108 - Cuchillo de Palo

Renate Costa
Avec la participation de Miguel Auad Petunia, Renate Costa, Manuel Cuenca
Espagne | 2010 | 1h31
« Le devoir de mémoire est le devoir de rendre justice, par le souvenir, à un autre que soi. » Paul Ricoeur.
C´est ce devoir intime et politique qu´accomplit Renate Costa dans son premier long-métrage « Cuchillo de palo », qui retrace la vie de son oncle, un homosexuel victime de répression sous la dictature de Stroessner dans les années 80 au Paraguay. Ce film a été développé dans le cadre du master de création documentaire de l'université Pompeu Fabra de Barcelone et produit en Espagne.
Animée par un besoin insatiable de vérité, la jeune réalisatrice, à qui il aura fallu six années de recherches pour mener à bien ce projet documentaire, sort de l'ombre quelques vieilles photos de famille et remue le couteau dans les plaies mal refermées de la dictature pour nous offrir en somme une ode métaphorique à la mémoire contre les politiques de l´oubli.

Fascinée par son oncle mort dans des circonstances mystérieuses, Renate revient à Asunción dix après pour éclairer d'un nouveau jour la « vraie » vie de cet homme dont elle garde un souvenir ému. C'est au gré des rencontres avec ceux qui l'ont côtoyé (voisines, professeur de danse, travestis…) que Renate remonte le temps et reconstruit l'histoire de Rodolfo Costa. Dès lors, le proverbe espagnol “En casa del herrero, el cuchillo es de palo” (dont la traduction littérale serait : « Chez le forgeron, le couteau est en bois ») donne tout son sens au titre car Rodolfo est bien la brebis galeuse dans cette famille où le métier de forgeron se transmet de père en fils. Sa faute ? Etre homosexuel et danseur dans une société conditionnée par l'autoritarisme politique et la religion. Mais ce n'est pas tout, car bientôt la cinéaste découvre que son oncle faisait partie de la liste des « 108 » homosexuels arrêtés et torturés sur l'ordre du gouvernement. Un numéro devenu outrageant depuis cette affaire d'état : « Les gens l'ont éliminé de leurs maisons, de leurs voitures, des chambres d'hôtels. Ils ont oublié d'où provenait ce mot » commente en off la cinéaste.

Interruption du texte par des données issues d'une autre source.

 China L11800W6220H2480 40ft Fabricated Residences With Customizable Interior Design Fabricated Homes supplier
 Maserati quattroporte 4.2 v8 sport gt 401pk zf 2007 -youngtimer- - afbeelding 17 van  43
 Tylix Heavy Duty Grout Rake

Ainsi, via l'investigation sur son oncle défunt, la cinéaste réveille la mémoire endormie de tout un pays et démontre que les cicatrices de la période Stroessner ne sont pas totalement refermées : si certaines personnes se confient aisément à Renate, d'autres préfèrent ne pas apparaître à l'image et garder l'anonymat. On découvre à travers ces témoignages les horreurs et humiliations infligées aux homosexuels. Les résonances du passé douloureux sont encore nettement palpables dans le présent, sinon comment expliquer que le club homosexuel dans lequel se rend Renate ait été baptisé « Trauma » ?

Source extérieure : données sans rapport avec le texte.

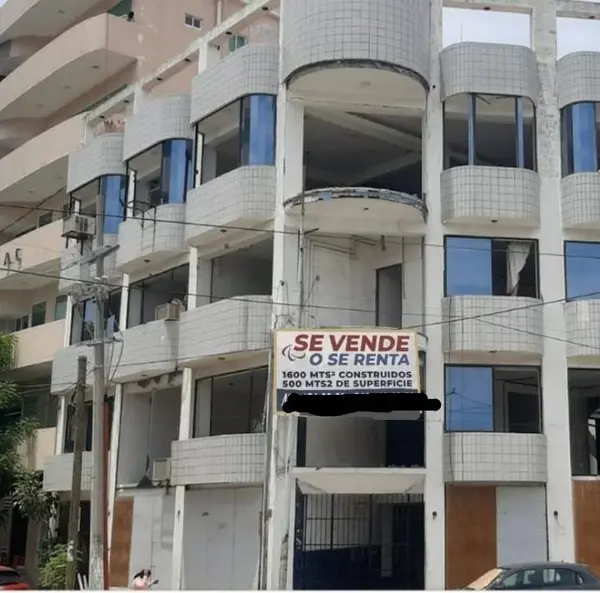 Edificio en renta en Hornos, Acapulco de Juárez — foto 2 de 7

Mais cette enquête permet aussi à la jeune réalisatrice d'interroger inlassablement son père, un véritable « homme de fer ». Celui-ci semble peu connaître Rodolfo. En réalité, il préfère ignorer les atrocités subies par son frère et nous dresse un portrait glaçant de celui-ci : « Rodolfo n'était pas un homme, c'était un indéfini. » En questionnant son père, Renate se heurte à un mur d'incompréhension, à une mentalité rigide et inflexible qui n'a guère changé depuis la dictature. Aussi la jeune femme nous fait-elle toucher du doigt l'abîme qui sépare deux générations aux mœurs opposées : d'un côté la morale et les préceptes religieux, de l'autre la tolérance et l'acceptation de son prochain. La relation entre Renate et son père est complexe, comme le prouvent leurs discussions souvent tendues. Mais nous retenons particulièrement le silence pesant de la scène finale qui laisse enfin éclater la vérité sur Rodolfo et oblige le père de Renate à ne plus fuir les évidences. Enfin, cette relation se compose aussi et surtout de grands moments de tendresse et de complicité qui nous invitent à nous demander si les dictatures les plus sournoises ne sont pas celles que nous voulons nous imposer à tout prix.

Renate Costa signe ici un documentaire empreint de mélancolie et de délicatesse qui rend inextricables l'histoire (personnelle et intime) et l'Histoire (des grands événements sociaux et politiques). Les paroles apaisantes et poétiques de la réalisatrice qui commente en off se font l'écho de sa tristesse et de sa douleur face à la perte d'un être aimé, mais viennent surtout illustrer son combat acharné contre l'ignorance, l'intolérance et les lâchetés engendrées par les dictatures.